The association between AN and T1D may reflect shared genetic variants, including those related to metabolism. An AN GWAS detected one genome-wide significant variant for AN⁹, which was previously found to be associated with T1D. Significant genetic correlations emerged between AN and multiple metabolic traits implicated in T1D, including insulin resistance, fasting insulin, fasting glucose, and cholesterol and lipid measures⁹. These findings are consistent with evidence of increased ED prevalence and disordered eating among individuals with T1D, as well as increased risk of autoimmune disorders, especially of endocrinological and gastroenterological types, among individuals with ED⁴⁸. Considerably more work is essential to confirm and dissect the nature of this relationship.

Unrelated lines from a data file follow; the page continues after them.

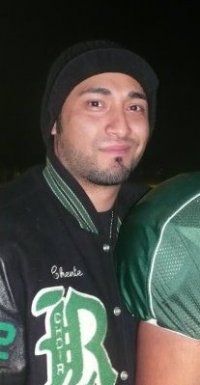 Vincent Martinez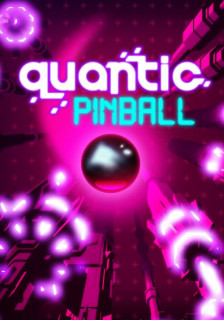 Quantic Pinball (PC) DIGITAL PC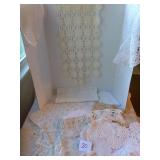 Doilies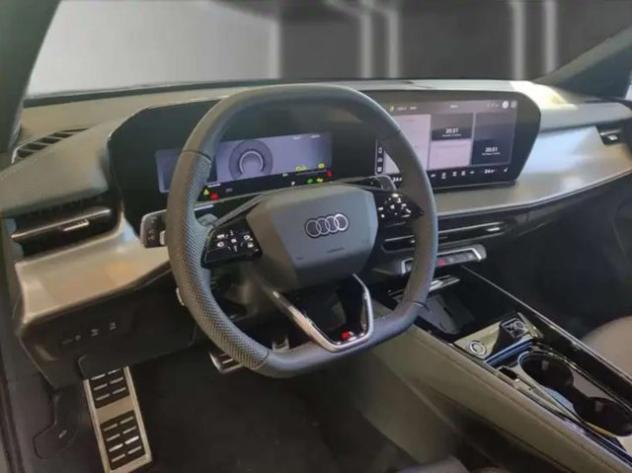 AUDI Q3 Sportback 40 tfsi quattro S line/MY 2026 rif. 23956004 - Foto 9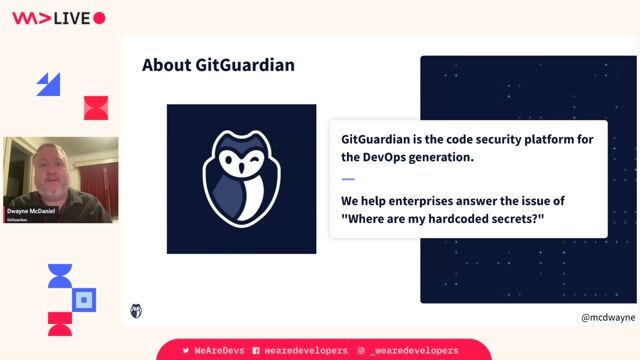Stop Committing Your Secrets - GIt Hooks To The Rescue!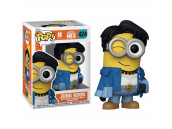 Фигурка Funko Pop! Rocks: Minions x BTS - Jung Kook (424)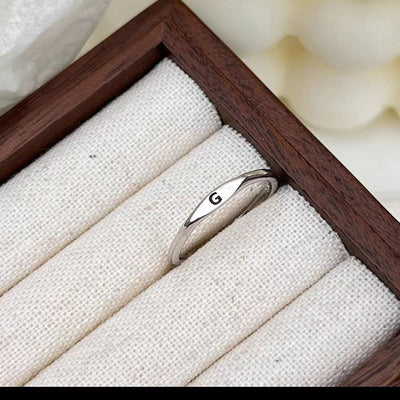 Anillo Minimalista de Dedo Índice - Image 52
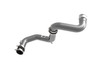 K&N 77-1020KC Charge Pipe Kit for 2023-2026 Ford Bronco Raptor 3.0L Ecoboost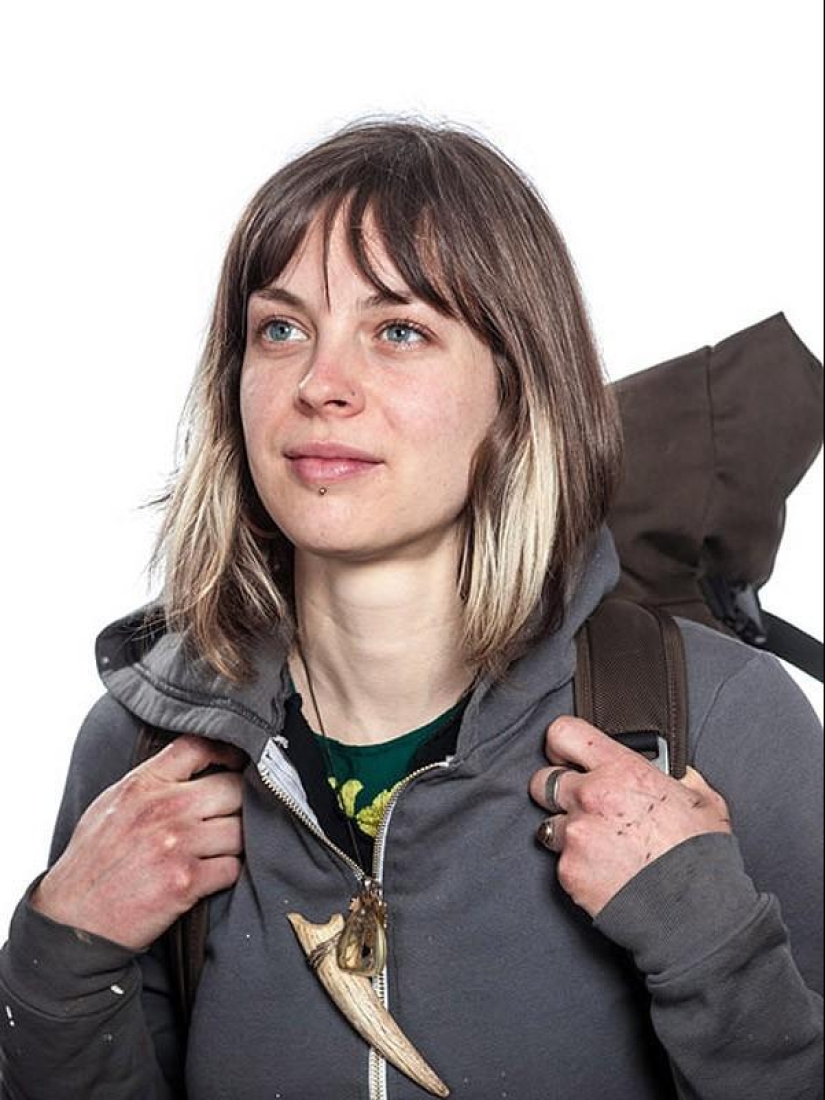 Hippies of the 21st century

Larger sample sizes for AN GWAS are critical first steps for any more detailed analysis of the association.

Future directions

It is vital to consider genetic, metabolic, and psychological factors that influence AN and multifactorial disorders such as T1D, in which symptoms of disordered eating, energy dysregulation, gut microbial dysbiosis manifest. Fecal microbiota transplantation (FMT), or the transfer of fecal microbiota from healthy donors to diseased patients, is one potential treatment that is on the horizon for many disease states including T1D and AN⁹⁶ based on its effectiveness at treating Clostridium difficile infections⁹⁷. One challenge with respect to translational application of FMT to other disease states is donor screening, as systematic assessments of donor health have yet to be established. Furthermore, no standard exists for ideal gut microbial composition, although screening out individuals with pathogenic gut microorganisms is critical. However, preliminary evidence exists that FMT can improve metabolic phenotypes, including median rate of glucose disappearance and insulin sensitivity among males with metabolic syndrome (P < 0.05), which is relevant in light of obesity-associated insulin resistance that can develop in T1D^98,99. Thus, experimenting with FMT and other adjunct therapies in treating symptoms of AN and T1D may provide insight into how the gut microbiota contribute to disease pathology and prognosis.

Synopsis.

Anorexia nervosa has poor prognosis and treatment outcomes, and is influenced by genetic, metabolic, and psychological factors. Gut microbes interact with gut physiology to influence metabolism and neurology, although potential therapeutic benefits remain unknown. Type 1 diabetes is linked to anorexia through energy dysregulation, which in both disease states is related to the gut microbiota, disordered eating, and genetics.

Key points.

• Anorexia nervosa is highly refractory, and novel treatments are needed to improve prognosis.

• The gut microbiota is dysregulated in anorexia nervosa, and may be a new avenue for research in reducing discomfort during refeeding.

• Metabolism is often dysregulated in anorexia nervosa and type 1 diabetes, which share common genetic alterations, disordered eating patterns, and features of gut microbial dysbiosis.